* [PROBLEM REQUIREMENTS]:
Among the entries below, one stretch runs from the line that contains "Abmessungen: 800x530" through the line that contains "Charniere de capot RENAULT MEGANE 3". Repeat that stretch exactly, ends included, and only that.

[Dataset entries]

* * *

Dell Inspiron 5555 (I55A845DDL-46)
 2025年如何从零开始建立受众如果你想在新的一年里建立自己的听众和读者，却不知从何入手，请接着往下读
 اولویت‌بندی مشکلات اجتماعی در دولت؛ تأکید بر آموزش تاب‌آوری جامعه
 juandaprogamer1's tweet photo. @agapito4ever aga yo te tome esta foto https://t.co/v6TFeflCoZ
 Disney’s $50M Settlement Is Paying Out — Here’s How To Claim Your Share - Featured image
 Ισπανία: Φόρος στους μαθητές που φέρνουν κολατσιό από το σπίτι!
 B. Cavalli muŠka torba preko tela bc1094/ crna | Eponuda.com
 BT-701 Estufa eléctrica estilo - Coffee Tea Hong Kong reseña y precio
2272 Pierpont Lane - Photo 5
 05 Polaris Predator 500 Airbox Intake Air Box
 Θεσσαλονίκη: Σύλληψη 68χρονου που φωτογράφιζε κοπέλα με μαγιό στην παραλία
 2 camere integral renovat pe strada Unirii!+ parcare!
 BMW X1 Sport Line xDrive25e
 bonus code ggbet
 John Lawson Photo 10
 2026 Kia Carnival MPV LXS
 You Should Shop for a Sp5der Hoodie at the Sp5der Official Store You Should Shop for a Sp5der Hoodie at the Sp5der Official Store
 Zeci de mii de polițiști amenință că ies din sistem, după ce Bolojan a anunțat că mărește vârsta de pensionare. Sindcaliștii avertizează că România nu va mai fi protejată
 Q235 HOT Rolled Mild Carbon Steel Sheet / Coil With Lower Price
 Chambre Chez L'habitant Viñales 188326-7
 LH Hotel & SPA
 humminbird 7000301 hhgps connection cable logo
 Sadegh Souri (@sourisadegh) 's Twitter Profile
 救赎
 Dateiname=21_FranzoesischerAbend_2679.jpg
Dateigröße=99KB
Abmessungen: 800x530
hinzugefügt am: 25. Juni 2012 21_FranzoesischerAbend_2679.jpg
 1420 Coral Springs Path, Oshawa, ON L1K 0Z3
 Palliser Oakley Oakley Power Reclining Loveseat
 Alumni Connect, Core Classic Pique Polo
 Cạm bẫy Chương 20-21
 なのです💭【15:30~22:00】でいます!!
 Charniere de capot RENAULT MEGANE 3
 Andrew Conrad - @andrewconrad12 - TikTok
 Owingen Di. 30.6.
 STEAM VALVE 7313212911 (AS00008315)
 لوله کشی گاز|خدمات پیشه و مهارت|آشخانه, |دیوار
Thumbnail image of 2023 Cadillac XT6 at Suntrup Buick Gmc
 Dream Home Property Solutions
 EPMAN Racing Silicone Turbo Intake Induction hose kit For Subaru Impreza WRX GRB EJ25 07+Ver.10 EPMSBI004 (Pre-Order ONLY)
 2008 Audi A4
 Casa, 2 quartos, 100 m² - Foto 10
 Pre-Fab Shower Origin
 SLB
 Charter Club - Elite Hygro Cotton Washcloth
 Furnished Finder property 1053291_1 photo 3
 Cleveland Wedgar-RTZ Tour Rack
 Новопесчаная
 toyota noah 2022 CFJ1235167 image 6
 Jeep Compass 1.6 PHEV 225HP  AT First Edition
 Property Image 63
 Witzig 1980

* * *

* [TASK OUTPUT]:
Abmessungen: 800x530
hinzugefügt am: 25. Juni 2012 21_FranzoesischerAbend_2679.jpg
 1420 Coral Springs Path, Oshawa, ON L1K 0Z3
 Palliser Oakley Oakley Power Reclining Loveseat
 Alumni Connect, Core Classic Pique Polo
 Cạm bẫy Chương 20-21
 なのです💭【15:30~22:00】でいます!!
 Charniere de capot RENAULT MEGANE 3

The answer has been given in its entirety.